Error - Container exited with error ❌

# Check exit code and reason
kubectl describe pod -n <namespace> <pod-name> | grep -A5 "State:"

# Check logs
kubectl logs -n <namespace> <pod-name> --previous

# Common exit codes:
# 0 - Success
# 1 - General error
# 137 - SIGKILL (OOM killed)
# 143 - SIGTERM (terminated)

OOMKilled - Out of memory ❌

# Check for OOM in events
kubectl get events -A | grep -i "OOMKilled"

# Check pod memory limits
kubectl describe pod -n <namespace> <pod-name> | grep -A10 "Limits:"

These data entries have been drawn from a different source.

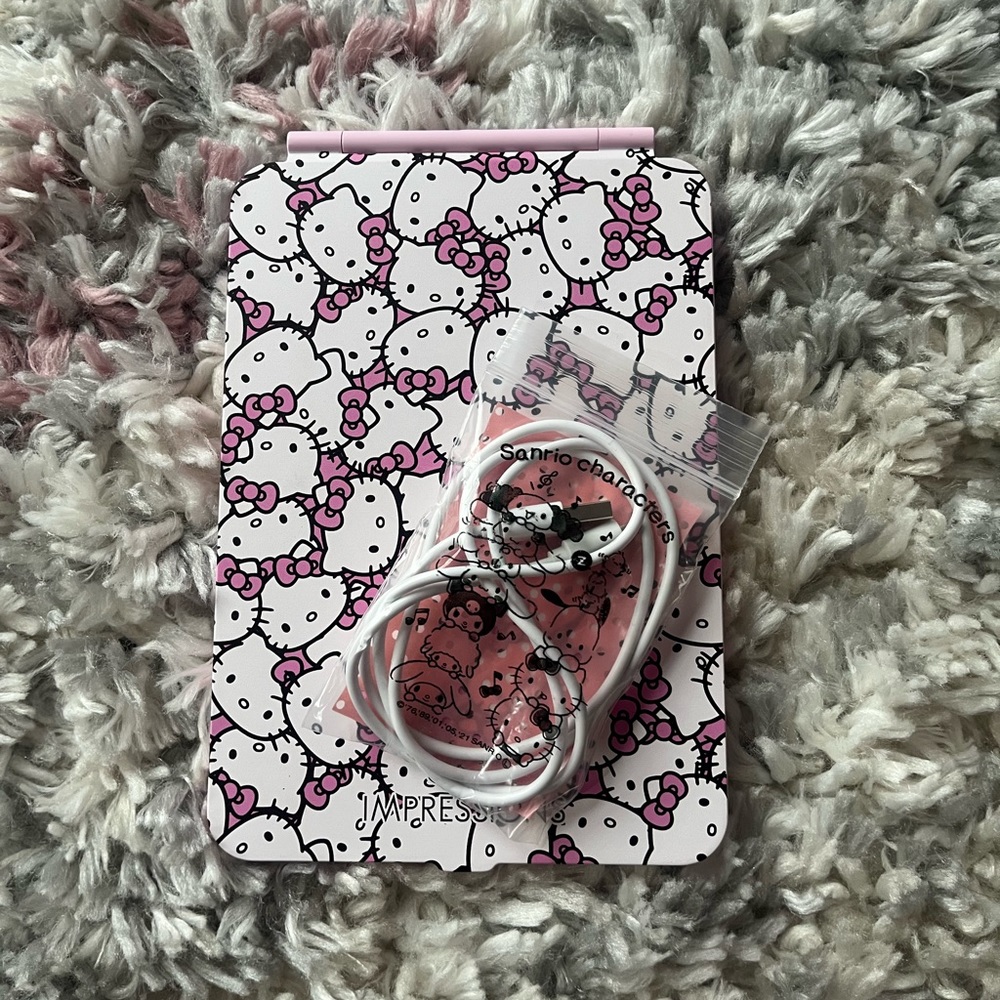 HELLO KITTY (WHITE/PINK) TOUCH PAD MINI TRI-TONE LED MAKEUP MIRROR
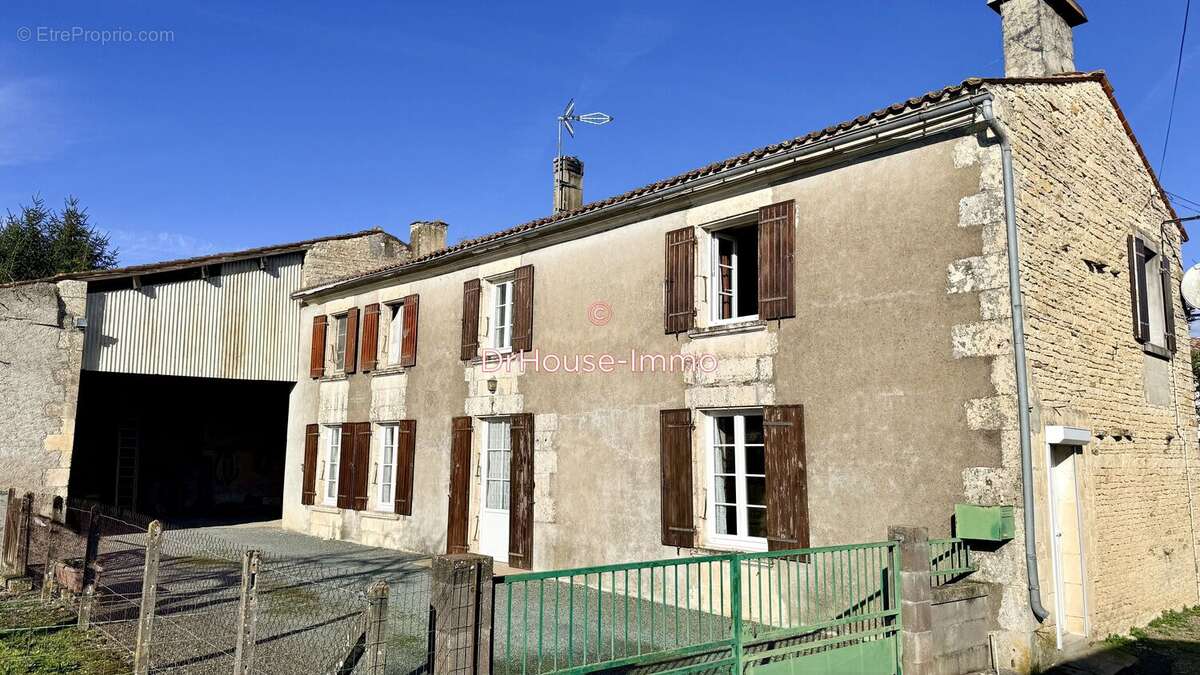 Maison à SAINT-HILAIRE-LA-PALUD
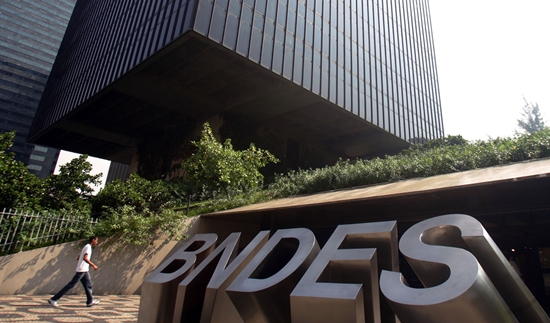 A procura pelos concursos é grande devido aos bons salários e os benefícios (Foto: Divulgação)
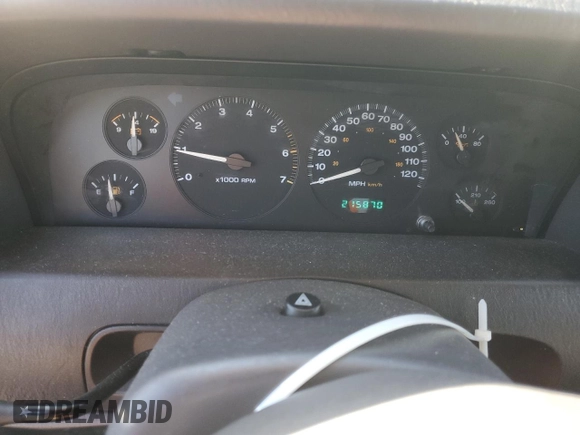 1999 Jeep Grand Cherokee Limited with VIN 1J4G268SXXC759016, listed as a Copart auction lot 80307534 with 215,870 mi miles and Salvage title. Bid and sale history available at DreamBid. Image 9.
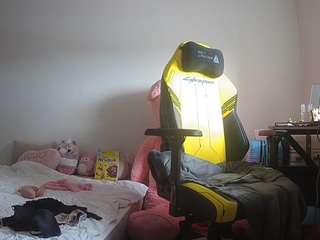 voyeurcam-sexy-little-ana-01 webcam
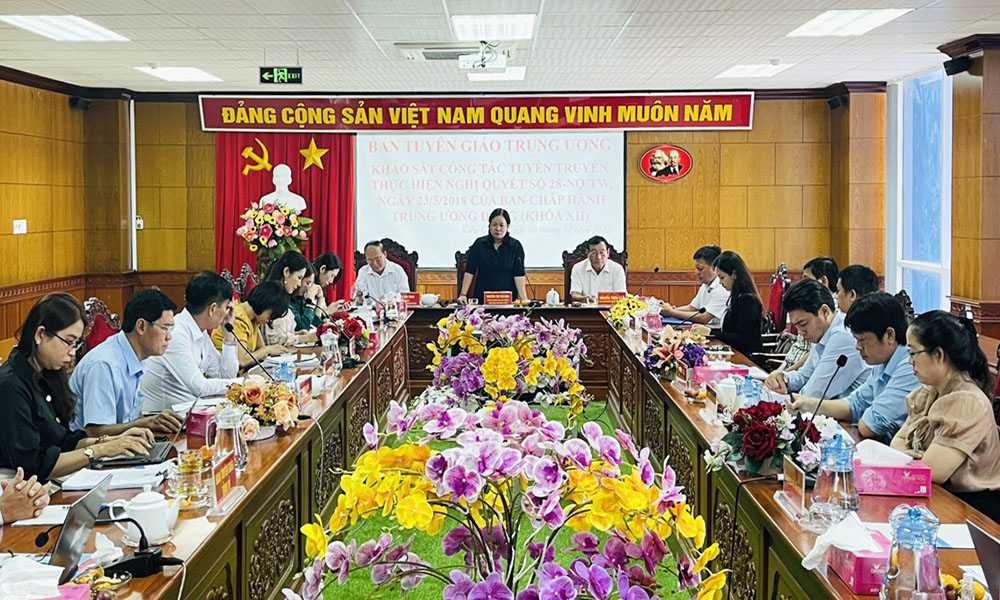 Ban Tuyên giáo Trung ương khảo sát thực hiện Nghị quyết 28 tại Kiên Giang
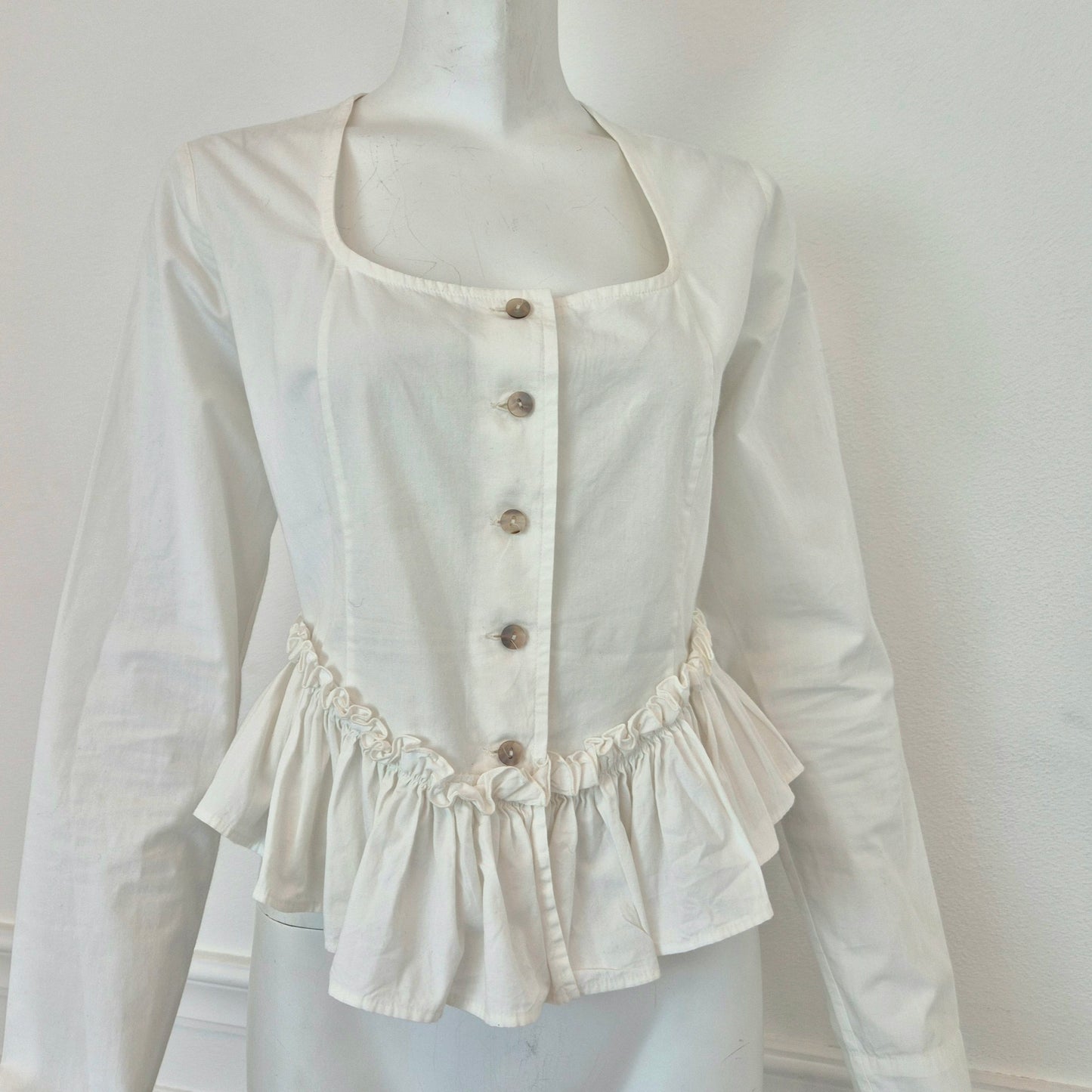 Romeo Gigli | Camicia bianca con balza e scollo quadrato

# Check actual memory usage
kubectl top pod -n <namespace> <pod-name>

# Fix: Increase memory limits
kubectl edit deployment -n <namespace> <deployment-name>
# Increase resources.limits.memory and resources.requests.memory

Systematic Troubleshooting

Step 1: Get Pod Details

# Get pod status
kubectl get pod -n <namespace> <pod-name>

# Get full pod description
kubectl describe pod -n <namespace> <pod-name>

# Check pod YAML
kubectl get pod -n <namespace> <pod-name> -o yaml

# Check pod events
kubectl get events -n <namespace> --field-selector involvedObject.name=<pod-name>

Step 2: Check Logs

# Current logs
kubectl logs -n <namespace> <pod-name>

# Previous logs (if crashed)
kubectl logs -n <namespace> <pod-name> --previous

# All containers (including sidecars)
kubectl logs -n <namespace> <pod-name> --all-containers=true

# Specific container
kubectl logs -n <namespace> <pod-name> -c <container-name>

# Follow logs
kubectl logs -n <namespace> <pod-name> -f --tail=20

Step 3: Check Resource Constraints

# Check resource usage
kubectl top pod -n <namespace> <pod-name>

# Check resource limits
kubectl describe pod -n <namespace> <pod-name> | grep -A10 "Limits:"
kubectl describe pod -n <namespace> <pod-name> | grep -A10 "Requests:"

# Check node resources
kubectl top nodes

Step 4: Check Configuration

# Check environment variables
kubectl describe pod -n <namespace> <pod-name> | grep -A20 "Environment:"

# Check mounted secrets
kubectl describe pod -n <namespace> <pod-name> | grep -A10 "Mounts:"

# Verify secret exists
kubectl get secret -n <namespace> <secret-name>

# Check configmap
kubectl get configmap -n <namespace> <configmap-name>

Step 5: Check Networking

# Check service endpoints
kubectl get endpoints -n <namespace> <service-name>

# Check if pod is in service
kubectl get endpoints -n <namespace> <service-name> -o yaml

# Test connectivity FROM the pod
kubectl exec -n <namespace> <pod-name> -- curl -I http://<service-name>

# Test connectivity TO the pod
kubectl run debug-curl --image=curlimages/curl --rm -it -- \
  curl http://<pod-ip>:<port>

# Check network policies
kubectl get networkpolicy -n <namespace>

Component-Specific Troubleshooting

Weather Tool / Weather Service

# Check deployment
kubectl get deployment -n team1 weather-tool
kubectl describe deployment -n team1 weather-tool

# Check pods
kubectl get pods -n team1 -l app=weather-tool

# Check service endpoints
kubectl get endpoints -n team1 weather-tool

# Test MCP endpoint (weather-tool)
kubectl exec -n team1 deployment/weather-tool -- \
  curl -I http://localhost:8000/health || echo "Health check failed"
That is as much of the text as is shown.